Give me my money (6 steps)
Allmoxy-Money.jpg

Photo By https://www.flickr.com/photos/jonathankosread/

When it comes to collecting our money we seem to be stuck between (but accustomed to) two worlds. Most of us understand the effective “new” way, yet seem oddly resigned to employing the "old" way in our own businesses. Let's examine the two.

The old way to collect money looks like this:

  1. Print off an aging statement
  2. Highlight the most troubling accounts
  3. Call the customers
  4. IF they answer, and IF you talk to the person writing the checks, you’re lucky. Most of the time you’ll leave messages and wait for a call back.
  5. You small talk (after all, you don’t want to be rude or lose sales), then awkwardly ask for the money
  6. They typically give you one of these responses:
    “Check is in the mail” 
    “My customer hasn’t paid me,” transfer blame, sob story
    “Let me check on something,” give you hope for a quick payment
  7. You hang up and call the next guy on the list.
  8. Repeat process until interrupted

Most of the time, you’ll end this session with no more money than when you started (but can at least hope the mailman brings you some checks you can drive into the bank in a couple days). It’s not surprising that everyone struggles to collect money like this!

Think about this process from the customer’s point of view. He has auto-pay set up with his bank, subscribes to services that automatically bill him monthly, and gets up to the second updates from amazon when his package ships. When he needs to pay his daughter’s school lunch bill, he gets an email with a link to pay. This is the world he lives in, and every time those easy services process, he has less money in his account to pay you.

If you’re not making it just as easy for your customers to pay you, you can expect it to be harder and harder to get yours. What, then, is the ideal system in this industry to optimize cash coming in?
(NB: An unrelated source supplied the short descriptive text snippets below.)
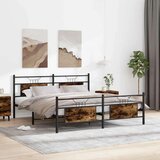 Metalni Kovinski posteljni okvir brez vzmetnice dimljen hrast 183x213cm, (21829113) | Shoptok.si
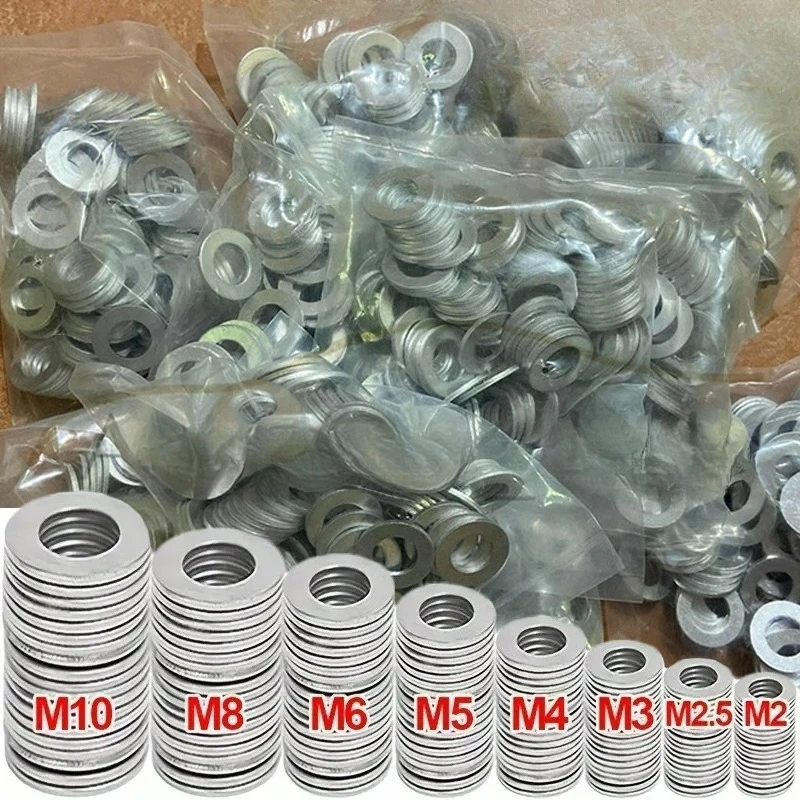 

180pcs Flat Washer M2 M2.5 M3 M4 M5 M6 M8 M10 Metal Screw Washers Rings Plain Gaskets Fasteners for Screws Bolts Assortment Kits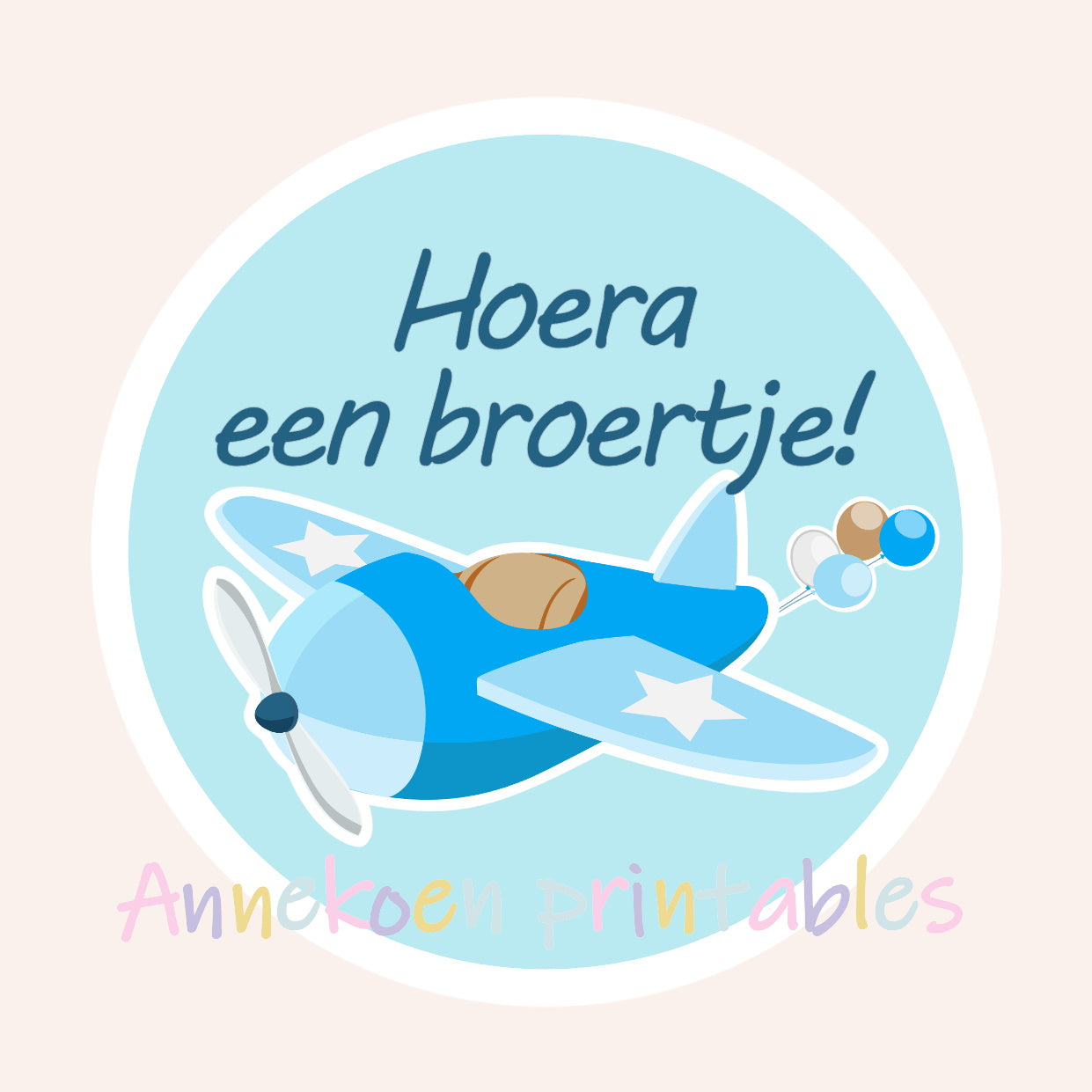 Broertje traktatie rondjes blauw vliegtuig 4 cm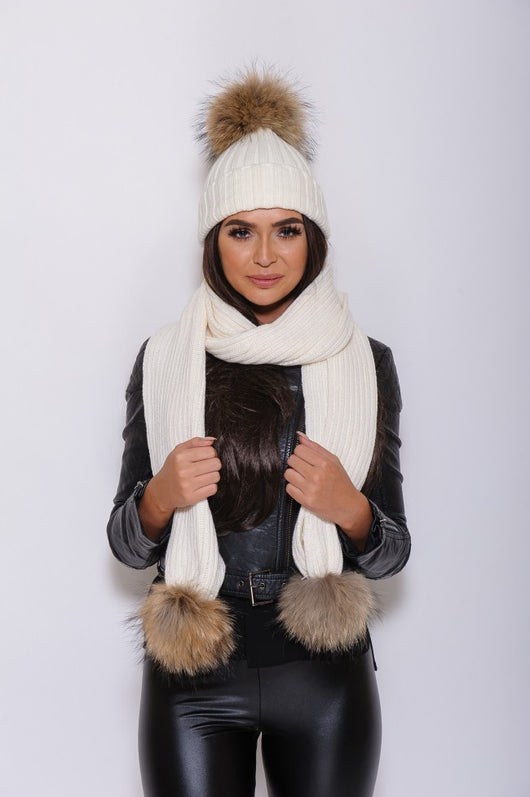 pomkin White Pomkin Hat & Scarf Set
Here are 6 critical requirements: 

  1. Customers should know what they owe you immediately. Your customers should know their price and have an invoice to pay as soon as they order product from you, not later. If you’re making customers look up an invoice or wonder about a total, you can expect massive delays.
  2. Customers should be able to pay you immediately. They should at least have the option to make the actual transaction right then and there. More and more businesses are becoming accustomed to paying as they order. If you make them wait for a statement, you’re forcing them to pay slowly.
  3. Customers need constant, tasteful reminders. Customers need to know when an invoice is 30 days late, 15 days late, and when you’ll need payment before dropping the next order, among other things. If you do the math, this would take a whole branch of employees to accomplish manually, which is why nobody does it. Software can now completely automate this process and collect your money for you while you focus on other things.
  4. Separate collections from customer service. It’s not effective to be the good cop AND the bad cop. Furthermore, asking for money in person is awkward. Asking for money should be timely, systematic, and non-personal. It might not be “fair”, but systems that ask for money are respected, while people that ask for money seem selfish.
  5. Customers need to be able to self-serve. If you don’t have their balances posted and accessible at all times, you’re making it hard for them to pay you, and they don’t like to “pay to pay you”.
  6. Money needs to transfer quickly, be trackable, and be “real.” Only 5 years ago, you could use a check to buy a burger or pump gas. Today, though, checks are only as good as an I.O.U. A check is only an invitation to go to the bank to see if there is any money behind the paper. Just because a check arrives in an envelope, doesn’t mean it will put money in your bank account. Instead, you need to be able to “see” the money transact in real time.

Breakaway companies realize the power of collecting on what they already produced. Failing to do a good job at collecting your money is more detrimental than producing a bad product, or not landing a deal, because you sunk costs into something that didn’t pay you, rather than just not having it in the first place. In other words, you paid to lose money. Make it easy for your customers to pay you and they almost always will.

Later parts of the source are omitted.